Alzheimer's disease

Alzheimer’s is a disease that causes dementia. It is the most common cause of dementia, accounting for about two-thirds of cases in the elderly.

Alzheimer’s often develops slowly over several years. It is not always obvious to begin with and symptoms can overlap with other illnesses.

Sometimes it can be difficult to distinguish Alzheimer’s from mild forgetfulness which can be seen in normal ageing.

Everyone with Alzheimer’s will experience symptoms in their own way. Early signs usually include difficulties forming new memories, but people may also experience language or spatial awareness difficulties.

Typical early symptoms of Alzheimer’s include:

  • Regularly forgetting recent events, names and faces.
  • Becoming increasingly repetitive.
  • Regularly misplacing items or putting them in odd places.
  • Confusion about the time of day.
  • Disorientation, especially away from your normal surroundings.
  • Getting lost.
  • Problems finding the right words.
  • Mood or behaviour problems such as apathy, irritability, or losing confidence.

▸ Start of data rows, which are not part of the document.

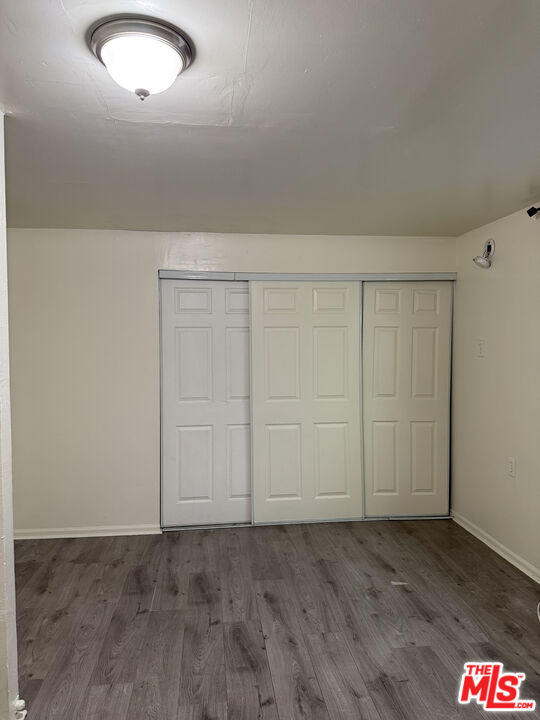 2217 S HOBART BLVD
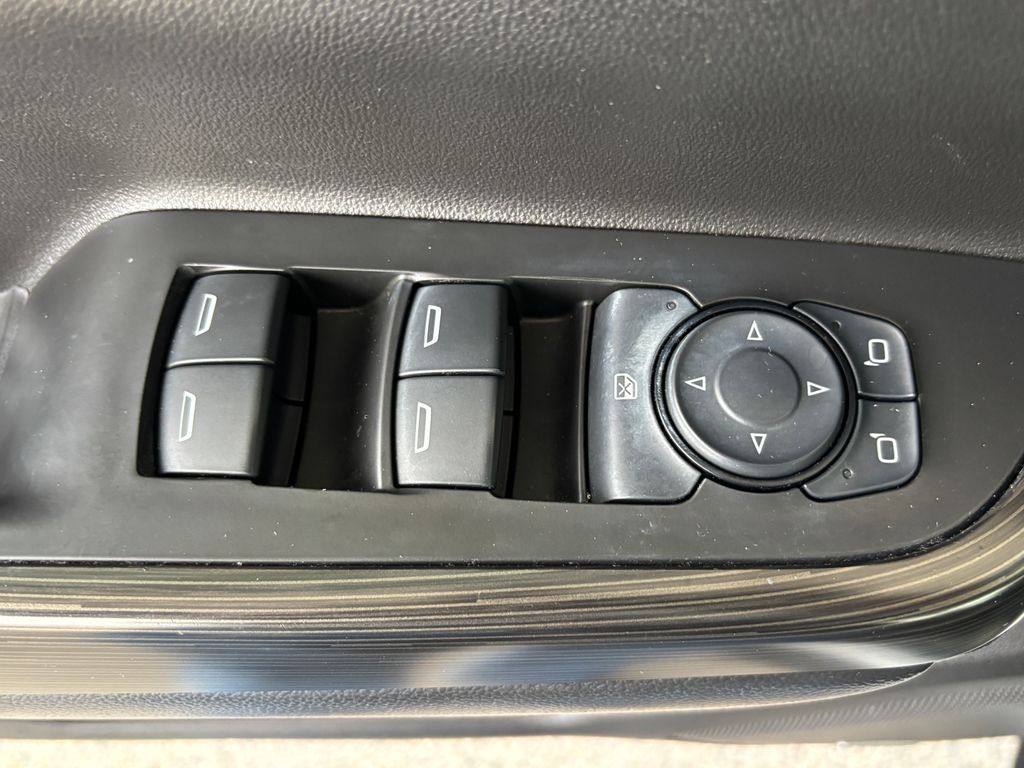 Thumbnail: 2017 GMC Acadia - 28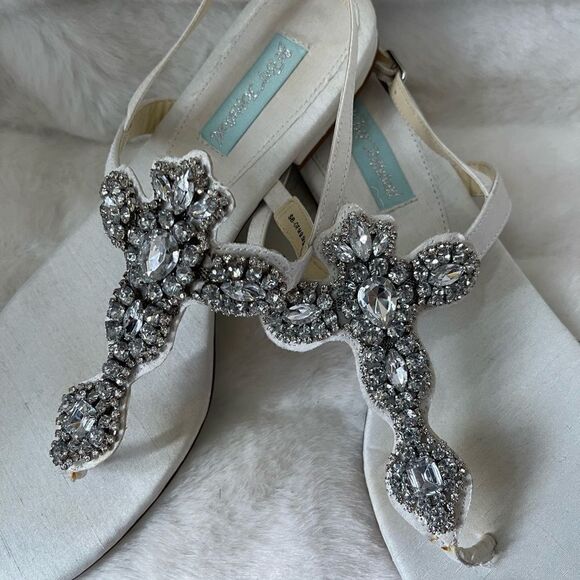 Betsey Johnson off white Satin Rhinestones Slingback adjustable strap Si… - Picture 4 of 9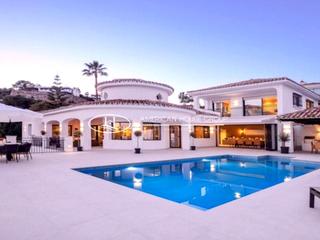 Maison à La Quinta. Majestuosa villa en venta en el paraíso, benahavís, málaga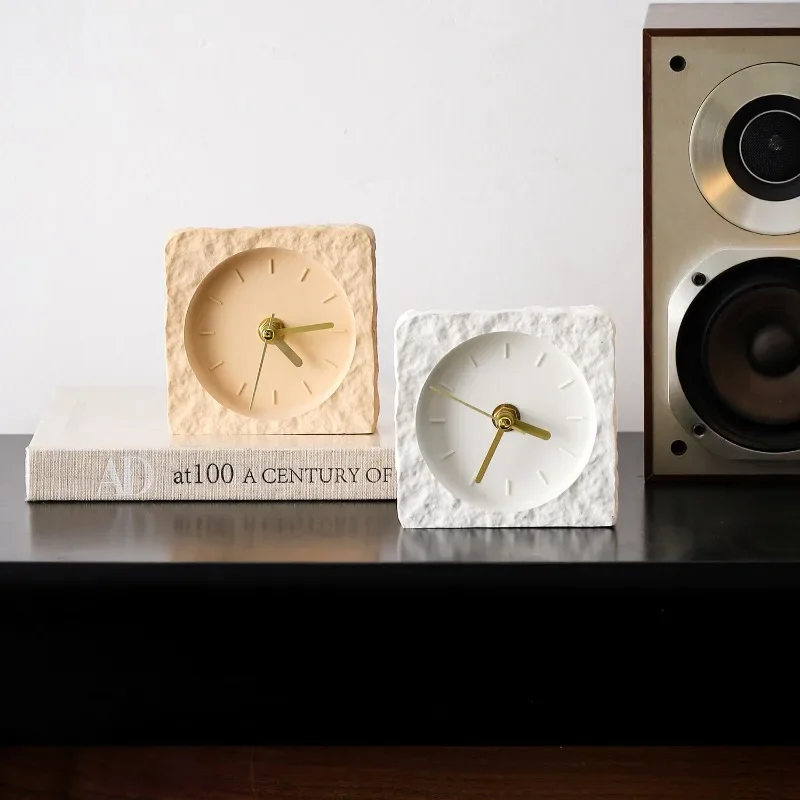 Nordic Desktop Clock Ornaments for Home Decoration Modern Simplicity and Creativity Silent Living Room Quartz Clock Silent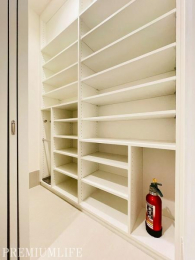 �@���։��ɕ֗���SIC�t���ŁA�Z�܂��S�̂𐮂��₷�����[�X�y�[�X�ł��B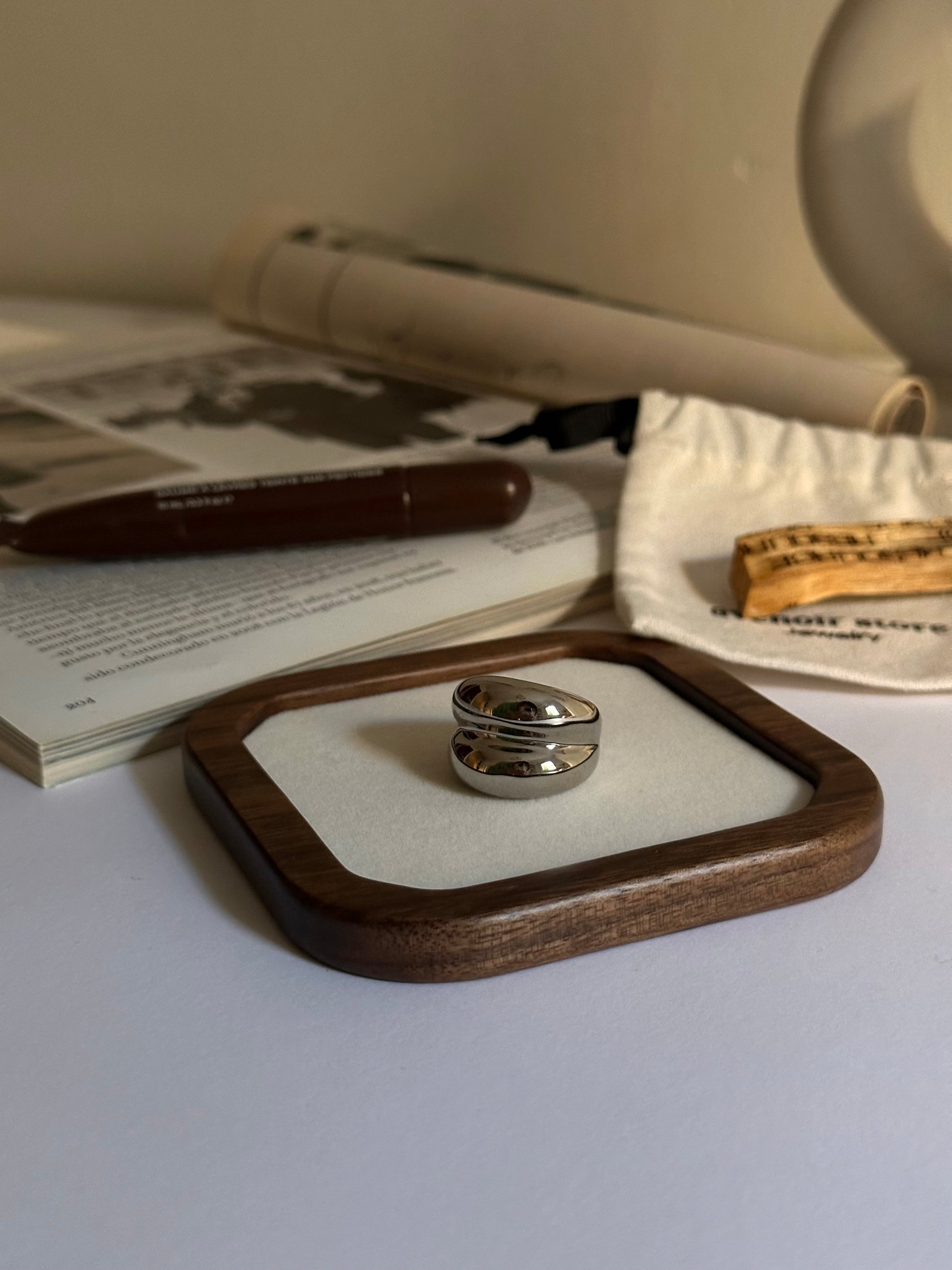 Anillo de acero inoxidable y baño de plata.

Alzheimer’s gets worse over time, but the speed of change varies from person to person.

As Alzheimer’s progresses:

  • People will find that their ability to remember, think and make decisions worsens.
  • Communication and language become more difficult.
  • A person’s behaviour may change and some people can become sad or depressed.
  • Anxieties or phobias are quite common.
  • People may experience hallucinations, where they may see things or people that aren’t there.
  • Problems with sleeping and restlessness at night often occur.
  • Anger or agitation become more common.
  • People may become increasingly unsteady on their feet and fall more often.
  • People gradually require more help with daily activities like dressing, toileting and eating.